> Data to process:
__________________________________________________
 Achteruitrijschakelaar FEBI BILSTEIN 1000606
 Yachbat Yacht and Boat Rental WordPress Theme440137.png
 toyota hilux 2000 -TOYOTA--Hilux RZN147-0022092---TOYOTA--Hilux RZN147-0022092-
__________________________________________________
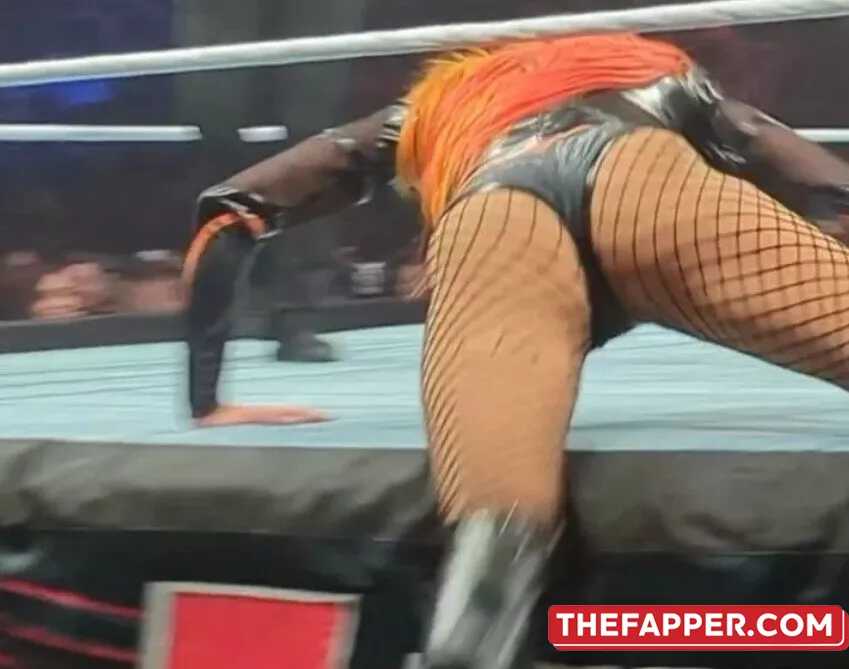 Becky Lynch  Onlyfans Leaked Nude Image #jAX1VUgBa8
__________________________________________________
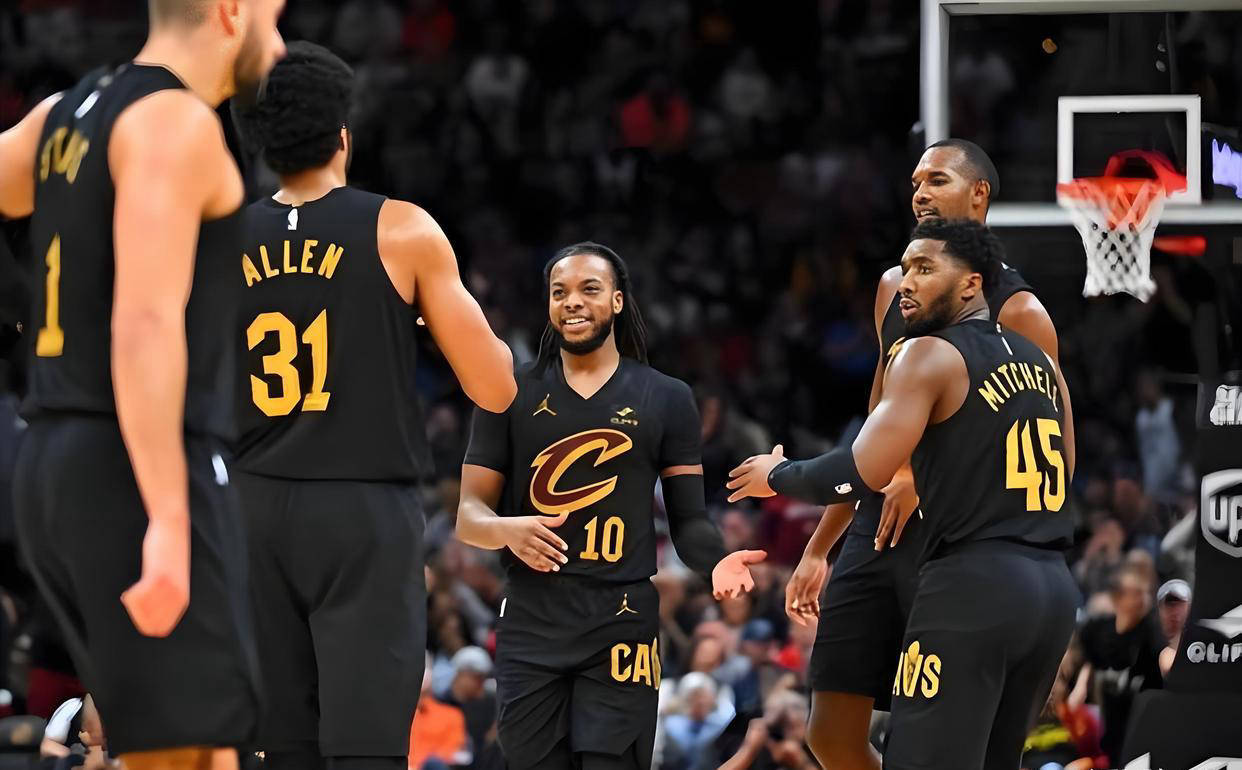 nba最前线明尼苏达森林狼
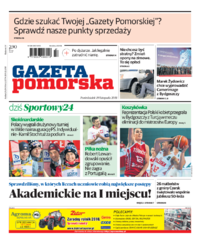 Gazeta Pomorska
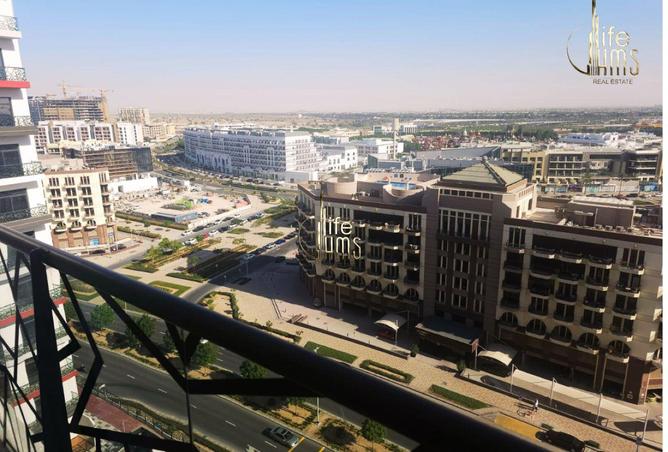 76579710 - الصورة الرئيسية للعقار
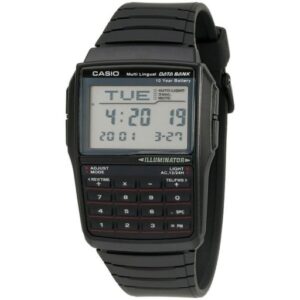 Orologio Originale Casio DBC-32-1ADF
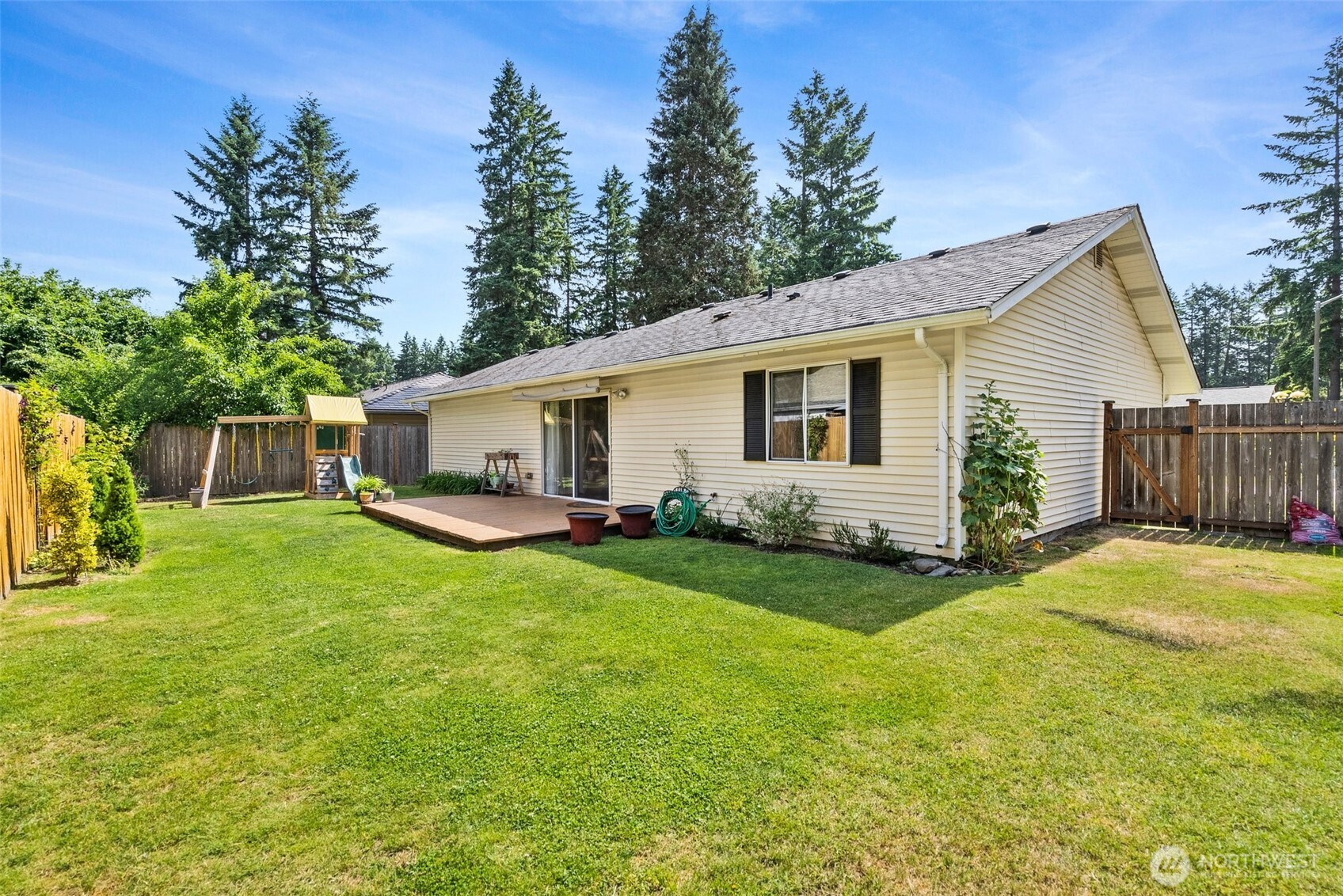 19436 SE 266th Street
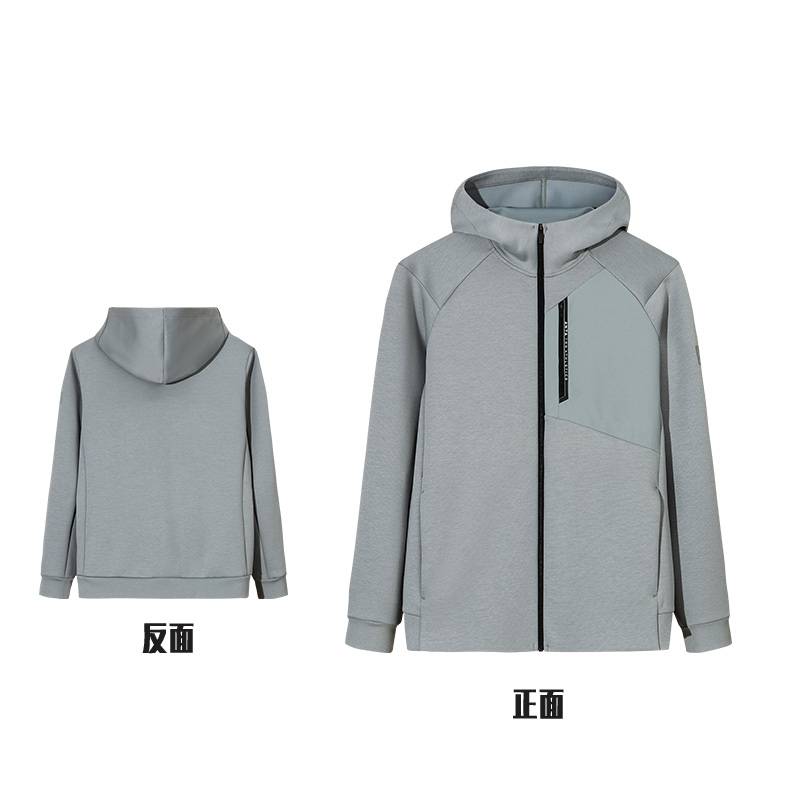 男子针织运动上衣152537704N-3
__________________________________________________
In your answer, include only the lines above starting at the line that holds "Achteruitrijschakelaar FEBI BILSTEIN 1000606" and ending at the line that holds "toyota hilux 2000", copied exactly.

 Achteruitrijschakelaar FEBI BILSTEIN 1000606
 Yachbat Yacht and Boat Rental WordPress Theme440137.png
 toyota hilux 2000 -TOYOTA--Hilux RZN147-0022092---TOYOTA--Hilux RZN147-0022092-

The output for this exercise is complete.